> [EXERCISE REQUIREMENTS] Transcribe exactly, please, the line bearing "8 resort xinh" and all later lines through the end of the records, with the pictures left out.

> [DATASET EXCERPTS]
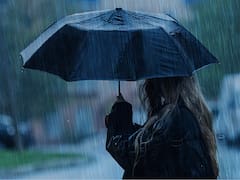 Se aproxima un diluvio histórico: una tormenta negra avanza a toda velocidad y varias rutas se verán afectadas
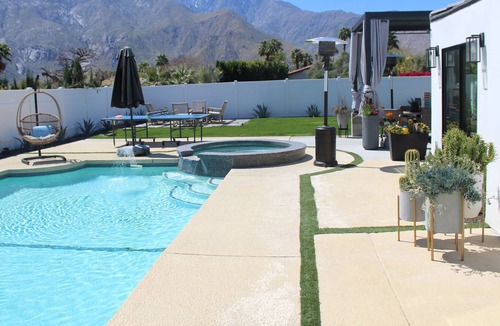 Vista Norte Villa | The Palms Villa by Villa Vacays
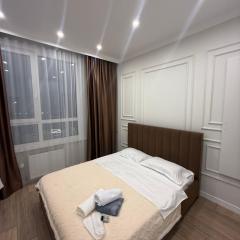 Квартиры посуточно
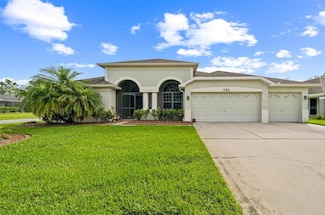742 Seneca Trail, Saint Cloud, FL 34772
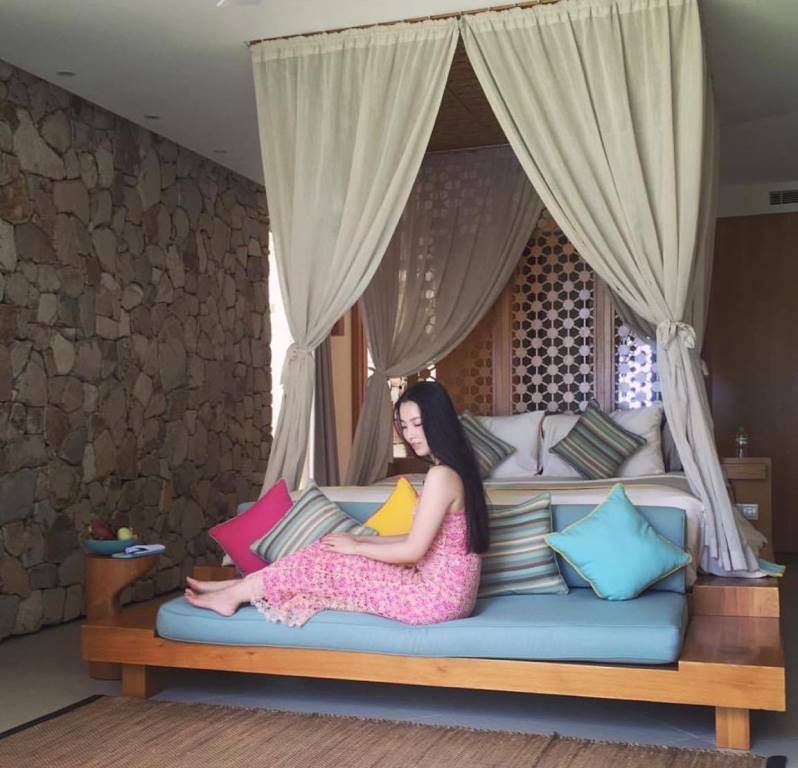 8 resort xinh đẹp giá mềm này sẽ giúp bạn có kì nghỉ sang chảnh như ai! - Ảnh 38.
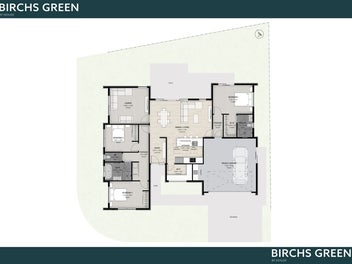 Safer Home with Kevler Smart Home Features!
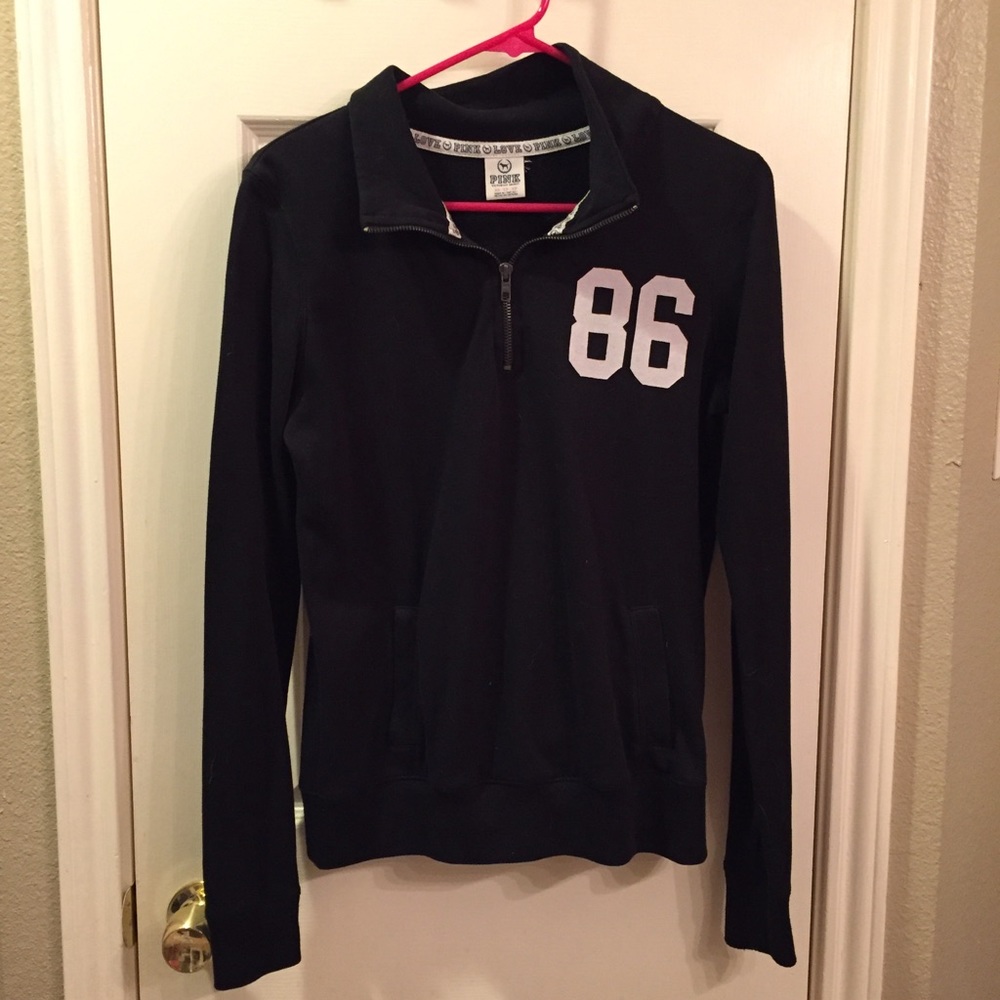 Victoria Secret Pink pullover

> [OUTPUT OF THE EXERCISE]
 8 resort xinh đẹp giá mềm này sẽ giúp bạn có kì nghỉ sang chảnh như ai! - Ảnh 38.
 Safer Home with Kevler Smart Home Features!
 Victoria Secret Pink pullover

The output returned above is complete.